Adrian Roitberg of the University of Florida and Olexandr Isayev of the University of North Carolina at Chapel Hill are supported by an award from the Chemical Theory, Models and Computational Methods program in the Division of Chemistry. Empirical potentials---also known as force fields---play an essential role in simulating atomic-scale interactions between molecules. They are used in the computational design of materials and pharmaceuticals. However, current potentials have been designed to be fast or accurate, but rarely both. This presents a critical bottleneck for the next phase of predictive chemical computer models. In this project, Professors Roitberg and Isayev are leveraging state-of-the-art artificial intelligence (AI) to "learn" potentials from ultra-large datasets of molecular energies and chemical reactions. The project is creating a new force field, ANI, that is accurate and fast, while also applicable to a broad range of systems in chemistry. This research has the potential to benefit materials design, renewable energy research, and drug design. The project is first step toward the use of artificial intelligence techniques to create new materials and molecules beyond what the human imagination can do alone. The research team is engaged in outreach through workshops on molecular simulations, "Talk science to me" science for the general public, and the involvement of high school students from the North Carolina School of Science and Math (NCSSM) in the research.
The objective of this project is to develop a chemically-accurate, extensible, and universal neural network potential, ANI, for use in "in silico" organic chemistry experimentation. The range of possible applications for ANI is very broad, from conformational searches to chemical reactions and ligand binding. Through intelligent sampling of new regions of chemical space, the researchers are expanding use cases for ANI to include arbitrary systems containing H, C, N O, F, S, P, Cl and Br atoms. The new design strategy is based on the ANAKIN-ME method, used in implementing the earlier ANI-1 potential. To train ANI-1, a database of wB97x/6-31G* DFT energies for 22 million structural conformations from 60,000 distinct organic molecules was computed through exhaustive, stochastic sampling of conformational and chemical space. Through rigorous benchmarks for organic molecules, biomolecules, and peptides, ANI-1 predicted total and relative energies with RMS errors under 1 kcal/mol, when compared to DFT reference values. The enhancements being made to ANAKIN-ME are aimed at improving computational efficiency, expanding the range of systems that can be simulated, and achieving < 1 kcal/mol RMS error in comparison to high quality CCSD(T)/CBS quantum chemical energies.
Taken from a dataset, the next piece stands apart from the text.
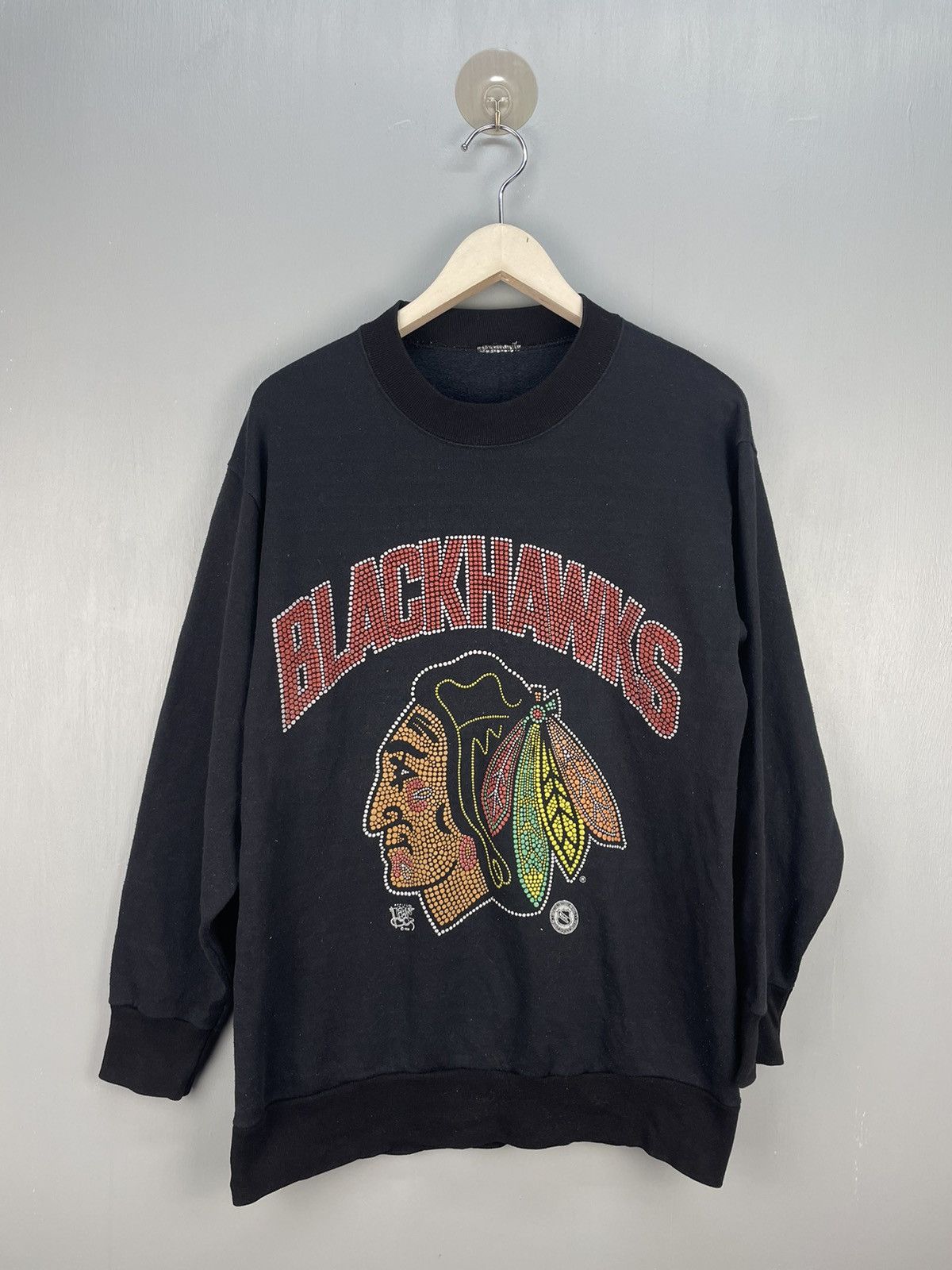 NHL Vintage 90s Blackhawks NHL sweatshirt Size US M / EU 48-50 / 2 - 1 Thumbnail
These enhancements include reducing the required dataset size for a given set of atom types, to enable inclusion of additional elements and chemistries; expanding training datasets to include data on atomic charges and forces, in addition to energies, and data for charged molecules; and implementing "query-by-committee" active learning approaches to facilitate learning of addition, substitution, and elimination chemical reactions by ANI. The ANI potential is being disseminated through user-friendly open access mechanisms. The implementation of the ANI potential takes advantage of graphics processing unit (GPU) acceleration to run on GPU-enabled workstations and parallel supercomputers. The ANI software library has a simple Python API and is being integrated with popular molecular modeling and simulation packages such as AMBER, OpenMM and Avogadro.
This award reflects NSF's statutory mission and has been deemed worthy of support through evaluation using the Foundation's intellectual merit and broader impacts review criteria.